#### Given data ####
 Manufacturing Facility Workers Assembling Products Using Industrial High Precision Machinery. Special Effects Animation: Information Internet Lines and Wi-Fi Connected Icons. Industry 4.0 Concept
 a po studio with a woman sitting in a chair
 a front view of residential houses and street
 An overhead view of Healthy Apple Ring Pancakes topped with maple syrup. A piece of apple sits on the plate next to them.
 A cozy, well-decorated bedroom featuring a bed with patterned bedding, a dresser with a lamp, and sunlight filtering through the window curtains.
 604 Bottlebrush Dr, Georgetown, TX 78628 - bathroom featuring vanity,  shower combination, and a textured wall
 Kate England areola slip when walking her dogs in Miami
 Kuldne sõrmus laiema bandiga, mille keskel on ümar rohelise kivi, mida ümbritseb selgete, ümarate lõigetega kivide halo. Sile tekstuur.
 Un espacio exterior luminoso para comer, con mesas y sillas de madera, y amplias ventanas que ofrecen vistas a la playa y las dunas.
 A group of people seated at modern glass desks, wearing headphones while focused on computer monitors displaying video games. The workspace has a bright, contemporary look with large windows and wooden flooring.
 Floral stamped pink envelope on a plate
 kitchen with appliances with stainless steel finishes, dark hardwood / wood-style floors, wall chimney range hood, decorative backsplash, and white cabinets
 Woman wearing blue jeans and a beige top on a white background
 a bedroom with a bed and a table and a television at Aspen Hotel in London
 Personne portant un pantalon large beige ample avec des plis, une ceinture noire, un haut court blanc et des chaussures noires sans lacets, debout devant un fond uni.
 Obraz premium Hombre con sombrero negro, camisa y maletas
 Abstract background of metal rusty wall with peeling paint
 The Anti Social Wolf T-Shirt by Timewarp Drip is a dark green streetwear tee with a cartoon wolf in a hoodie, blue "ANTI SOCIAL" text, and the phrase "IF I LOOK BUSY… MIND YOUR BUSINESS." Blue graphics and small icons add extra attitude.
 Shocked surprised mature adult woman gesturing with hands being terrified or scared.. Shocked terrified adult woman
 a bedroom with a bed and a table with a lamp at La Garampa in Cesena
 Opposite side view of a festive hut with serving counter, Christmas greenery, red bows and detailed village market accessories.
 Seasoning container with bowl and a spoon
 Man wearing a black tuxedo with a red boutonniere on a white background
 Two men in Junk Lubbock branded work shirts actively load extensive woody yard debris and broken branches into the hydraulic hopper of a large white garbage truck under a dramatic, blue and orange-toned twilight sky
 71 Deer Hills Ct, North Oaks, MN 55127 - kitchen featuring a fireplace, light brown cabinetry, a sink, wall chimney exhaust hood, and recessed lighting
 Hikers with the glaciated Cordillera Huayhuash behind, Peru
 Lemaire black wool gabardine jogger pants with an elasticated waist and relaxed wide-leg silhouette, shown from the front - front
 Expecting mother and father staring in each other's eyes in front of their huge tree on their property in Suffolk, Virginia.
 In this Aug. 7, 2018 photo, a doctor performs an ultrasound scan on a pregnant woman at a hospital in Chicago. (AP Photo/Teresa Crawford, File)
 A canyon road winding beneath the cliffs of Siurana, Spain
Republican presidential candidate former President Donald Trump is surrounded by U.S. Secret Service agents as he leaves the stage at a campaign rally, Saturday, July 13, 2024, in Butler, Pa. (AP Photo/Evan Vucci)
####
#### Goal of the exercise:
Line by line, reproduce the data above exactly.

#### Expected answer:
 Manufacturing Facility Workers Assembling Products Using Industrial High Precision Machinery. Special Effects Animation: Information Internet Lines and Wi-Fi Connected Icons. Industry 4.0 Concept
 a po studio with a woman sitting in a chair
 a front view of residential houses and street
 An overhead view of Healthy Apple Ring Pancakes topped with maple syrup. A piece of apple sits on the plate next to them.
 A cozy, well-decorated bedroom featuring a bed with patterned bedding, a dresser with a lamp, and sunlight filtering through the window curtains.
 604 Bottlebrush Dr, Georgetown, TX 78628 - bathroom featuring vanity,  shower combination, and a textured wall
 Kate England areola slip when walking her dogs in Miami
 Kuldne sõrmus laiema bandiga, mille keskel on ümar rohelise kivi, mida ümbritseb selgete, ümarate lõigetega kivide halo. Sile tekstuur.
 Un espacio exterior luminoso para comer, con mesas y sillas de madera, y amplias ventanas que ofrecen vistas a la playa y las dunas.
 A group of people seated at modern glass desks, wearing headphones while focused on computer monitors displaying video games. The workspace has a bright, contemporary look with large windows and wooden flooring.
 Floral stamped pink envelope on a plate
 kitchen with appliances with stainless steel finishes, dark hardwood / wood-style floors, wall chimney range hood, decorative backsplash, and white cabinets
 Woman wearing blue jeans and a beige top on a white background
 a bedroom with a bed and a table and a television at Aspen Hotel in London
 Personne portant un pantalon large beige ample avec des plis, une ceinture noire, un haut court blanc et des chaussures noires sans lacets, debout devant un fond uni.
 Obraz premium Hombre con sombrero negro, camisa y maletas
 Abstract background of metal rusty wall with peeling paint
 The Anti Social Wolf T-Shirt by Timewarp Drip is a dark green streetwear tee with a cartoon wolf in a hoodie, blue "ANTI SOCIAL" text, and the phrase "IF I LOOK BUSY… MIND YOUR BUSINESS." Blue graphics and small icons add extra attitude.
 Shocked surprised mature adult woman gesturing with hands being terrified or scared.. Shocked terrified adult woman
 a bedroom with a bed and a table with a lamp at La Garampa in Cesena
 Opposite side view of a festive hut with serving counter, Christmas greenery, red bows and detailed village market accessories.
 Seasoning container with bowl and a spoon
 Man wearing a black tuxedo with a red boutonniere on a white background
 Two men in Junk Lubbock branded work shirts actively load extensive woody yard debris and broken branches into the hydraulic hopper of a large white garbage truck under a dramatic, blue and orange-toned twilight sky
 71 Deer Hills Ct, North Oaks, MN 55127 - kitchen featuring a fireplace, light brown cabinetry, a sink, wall chimney exhaust hood, and recessed lighting
 Hikers with the glaciated Cordillera Huayhuash behind, Peru
 Lemaire black wool gabardine jogger pants with an elasticated waist and relaxed wide-leg silhouette, shown from the front - front
 Expecting mother and father staring in each other's eyes in front of their huge tree on their property in Suffolk, Virginia.
 In this Aug. 7, 2018 photo, a doctor performs an ultrasound scan on a pregnant woman at a hospital in Chicago. (AP Photo/Teresa Crawford, File)
 A canyon road winding beneath the cliffs of Siurana, Spain
Republican presidential candidate former President Donald Trump is surrounded by U.S. Secret Service agents as he leaves the stage at a campaign rally, Saturday, July 13, 2024, in Butler, Pa. (AP Photo/Evan Vucci)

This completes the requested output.